So yes use as much voltage as the controller can handle and the supply can produce. just make certain to set the current limit with the trim pot on the controller.

"If you intend to be using a stepper motor controller like the SureStepr then the voltage rating of the motor is not a factor."

Boy Darryl, I hope you are getting more rainy days cause you need more time to explain this.

What would I do just turn the pot to minimum at first start and then increase? Increase it to where/how much?

Actually I can wait I hope you get some dry weather so that you can have a successful harvest.

The reason there is a voltage rating on a motor is to limit the current. Current is what produces the magnetic fields that move the motor. For maximum torque we need as much current as the coils can handle. Unfortunately current thru a resistor also produces heat.

The coils would have a more or less fix resistance that would increase only a small amount with temperature increase. The coils also have an inductance. The inductance has no effect on the total impedance when a DC current is applied. But the inductance does increase total impedance if the current is changing as is the case with a bipolar motor. The current is reversing polarity each time a coil is energized. That is what the H bridge circuit is allowing the controller to do. Too much current will produce too much heat and damage the motor.

If the designer of the motor specifies a motor can handle 1 amp of current without damage and the coil has a resistance of 10 ohms. By using ohms law I=V/R or IR =V we get I amp X 10 ohms = 10 volts. For that motor the designer will likely state the voltage rating of the motor is 10 volts. Any more voltage then that will overheat the coils do to too much current. I am not going into a detailed induction frequency impedance calculation right now. But suppose that the motor coil is being energizer with a frequency of alternating voltages such that the total impedance has doubled. The resistance has not changed but because of the motor speed there is also impedance produced by the inductance of the coil. Without any changes to the energizing voltage the current thru the coil is now ½ what it could be, to produce the maximum magnetic field and therefore maximum torque. To compensate for this changing total impedance that is bond to increase as the frequency increase we could increase the energizing voltage in direct proportion to the increasing total impedance.

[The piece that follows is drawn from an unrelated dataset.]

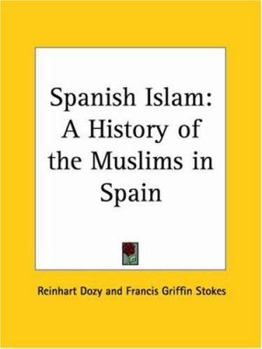 Histoire Des Musulmans D'Espagne: Jusqu' La Conquete de L'Andalousie Par Les Almoravides - Book  of the Historia de los musulmanes de España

The motor controllers do not actually increase the voltage they do increase the effective voltage. Motor controllers monitor the effective current that they are supplying to the motor coils. They adjust the duty cycle of a PWM current to the coils. If the coil is holding and therefore the total impedance is the same as the resistance of the coil the duty cycle would by small.

For the motor in my example when the motor is holding and if the controller is supplied with 24V DC and the coil would only require 10V DC to reach the 1 amp current. The PWM of the controller would be at 10/24 or less then 50% of the duty cycle. As the motor is sped up the controller measures a drop in current do to the increasing impedance, in response the controller increases the duty cycle to maintain the 1 amp current.

Basically the controller is now maintaining the current level with PWM we do not need to be concerned about what voltage it is using. The more voltage it has available the longer it can maintain the maximum coil current.

That may be kind of long winded I don’t have the time now for a much editing.

Darryl

Thanks Darryl,

How is the harvest?

Ralph

Harvest is very slow. late starts in mornings and early shut down in evenings do to cool humid weather. Very soggy field conditions resulting in equipment getting stuck. If things do not improve we will be at this for weeks assuming winter does not arrive first.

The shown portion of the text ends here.